• _Instructions to follow_
Copy the data below exactly.

Material provided Block Start

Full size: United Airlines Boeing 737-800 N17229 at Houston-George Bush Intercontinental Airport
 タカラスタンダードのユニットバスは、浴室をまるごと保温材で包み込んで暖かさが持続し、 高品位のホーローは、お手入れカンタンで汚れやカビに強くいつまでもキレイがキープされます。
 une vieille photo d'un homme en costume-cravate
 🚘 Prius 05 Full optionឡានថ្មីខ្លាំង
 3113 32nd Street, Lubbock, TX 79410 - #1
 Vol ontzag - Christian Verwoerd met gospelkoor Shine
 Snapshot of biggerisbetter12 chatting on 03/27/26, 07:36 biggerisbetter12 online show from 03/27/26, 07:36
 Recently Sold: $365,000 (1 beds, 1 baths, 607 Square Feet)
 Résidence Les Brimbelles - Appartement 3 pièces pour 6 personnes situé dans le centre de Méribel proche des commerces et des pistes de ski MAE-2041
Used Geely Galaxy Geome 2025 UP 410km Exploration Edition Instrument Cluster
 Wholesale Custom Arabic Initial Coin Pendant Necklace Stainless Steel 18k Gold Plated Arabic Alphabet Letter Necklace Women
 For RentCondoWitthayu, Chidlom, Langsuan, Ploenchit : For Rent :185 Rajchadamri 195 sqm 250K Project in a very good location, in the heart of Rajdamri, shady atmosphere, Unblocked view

Material provided Block End

• _Solution to this problem_
Full size: United Airlines Boeing 737-800 N17229 at Houston-George Bush Intercontinental Airport
 タカラスタンダードのユニットバスは、浴室をまるごと保温材で包み込んで暖かさが持続し、 高品位のホーローは、お手入れカンタンで汚れやカビに強くいつまでもキレイがキープされます。
 une vieille photo d'un homme en costume-cravate
 🚘 Prius 05 Full optionឡានថ្មីខ្លាំង
 3113 32nd Street, Lubbock, TX 79410 - #1
 Vol ontzag - Christian Verwoerd met gospelkoor Shine
 Snapshot of biggerisbetter12 chatting on 03/27/26, 07:36 biggerisbetter12 online show from 03/27/26, 07:36
 Recently Sold: $365,000 (1 beds, 1 baths, 607 Square Feet)
 Résidence Les Brimbelles - Appartement 3 pièces pour 6 personnes situé dans le centre de Méribel proche des commerces et des pistes de ski MAE-2041
Used Geely Galaxy Geome 2025 UP 410km Exploration Edition Instrument Cluster
 Wholesale Custom Arabic Initial Coin Pendant Necklace Stainless Steel 18k Gold Plated Arabic Alphabet Letter Necklace Women
 For RentCondoWitthayu, Chidlom, Langsuan, Ploenchit : For Rent :185 Rajchadamri 195 sqm 250K Project in a very good location, in the heart of Rajdamri, shady atmosphere, Unblocked view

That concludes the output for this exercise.